Do Labor Demand Shifts Occur Within Firms or Across Them? Non-Routine-Biased Technological Change from 2000-2016 (with Seth Benzell and Guillermo Lagarda) (Working Paper)
A large literature has documented occupational shifts in the US away from routine intensive tasks. Theories of skill-biased technological change differ in whether they predict changes in occupational mix within firms, or merely across different firms or industries. Using LinkedIn resume records, BLS OES data, and Compustat employee counts, we estimate occupational employment for publicly traded US firms from 2000 through 2016. We find that faster employment growth among firms that disproportionately employ non-routine workers is the most important cause of SBTC, followed by within firm occupational mix rebalancing. The entry of new firms also plays a role, although firm exit is slightly routine-worker biased. R&D leads firms to have a larger share of routine workers. These results are most consistent with a theory of routine task demand reduction caused by the diffusion of infra-marginally implemented new technologies. We also introduce a new measure of business labor dynamism, capturing the frequency with which firms change their occupational mix. Consistent with trends in productivity and other measures of business and labor market dynamism, this measure has decreased steadily since 2000.
Identification of Peer Effects in Networked Panel Data (with Sinan Aral and Sean J. Taylor)
(published in Proceedings of the International Conference on Information Systems 2016)
After product adoption, consumers make decisions about continued use.
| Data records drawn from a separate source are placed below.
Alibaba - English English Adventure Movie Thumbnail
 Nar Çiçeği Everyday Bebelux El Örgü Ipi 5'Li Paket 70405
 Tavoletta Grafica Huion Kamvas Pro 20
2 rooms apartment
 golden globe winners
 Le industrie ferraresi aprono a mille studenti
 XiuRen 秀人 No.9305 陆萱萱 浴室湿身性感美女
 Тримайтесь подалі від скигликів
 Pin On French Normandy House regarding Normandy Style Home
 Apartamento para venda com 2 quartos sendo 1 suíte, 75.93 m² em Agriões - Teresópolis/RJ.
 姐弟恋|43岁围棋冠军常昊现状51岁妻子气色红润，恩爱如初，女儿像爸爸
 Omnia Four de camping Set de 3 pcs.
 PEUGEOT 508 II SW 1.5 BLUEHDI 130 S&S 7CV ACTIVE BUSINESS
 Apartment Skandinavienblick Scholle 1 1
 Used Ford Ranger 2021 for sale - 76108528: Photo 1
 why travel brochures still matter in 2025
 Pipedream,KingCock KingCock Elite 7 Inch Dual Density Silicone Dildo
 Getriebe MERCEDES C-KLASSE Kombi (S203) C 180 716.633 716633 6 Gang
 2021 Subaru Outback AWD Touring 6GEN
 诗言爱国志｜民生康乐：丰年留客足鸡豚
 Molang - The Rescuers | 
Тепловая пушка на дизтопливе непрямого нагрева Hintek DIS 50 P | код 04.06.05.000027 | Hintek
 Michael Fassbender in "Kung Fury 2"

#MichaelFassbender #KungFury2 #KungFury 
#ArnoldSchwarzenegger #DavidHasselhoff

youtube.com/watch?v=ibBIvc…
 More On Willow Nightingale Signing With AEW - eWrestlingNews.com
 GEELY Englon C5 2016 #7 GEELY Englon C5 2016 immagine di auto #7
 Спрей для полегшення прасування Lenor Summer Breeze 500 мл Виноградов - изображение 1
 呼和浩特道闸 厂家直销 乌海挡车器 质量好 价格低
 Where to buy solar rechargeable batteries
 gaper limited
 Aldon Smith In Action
These choices can be influenced by peer decisions in networks, but identifying causal peer influence effects is challenging. Correlations in peer behavior may be driven by correlated effects, exogenous consumer and peer characteristics, or endogenous peer effects of behavior (Manski 1993). Extending the work of Bramoullé et al. (2009), we apply proofs of peer effect identification in networks under a set of exogeneity assumptions for the panel data case. With engagement data for Yahoo Go, a mobile application, we use the network topology of application users in an instrumental variables setup to estimate usage peer effects, comparing a variety of regression models. We find this type of analysis may be useful for ruling out endogenous peer effects as a driver of behavior. Omitted variables and violation of exogeneity assumptions can bias regression coefficients toward finding statistically significant peer effects.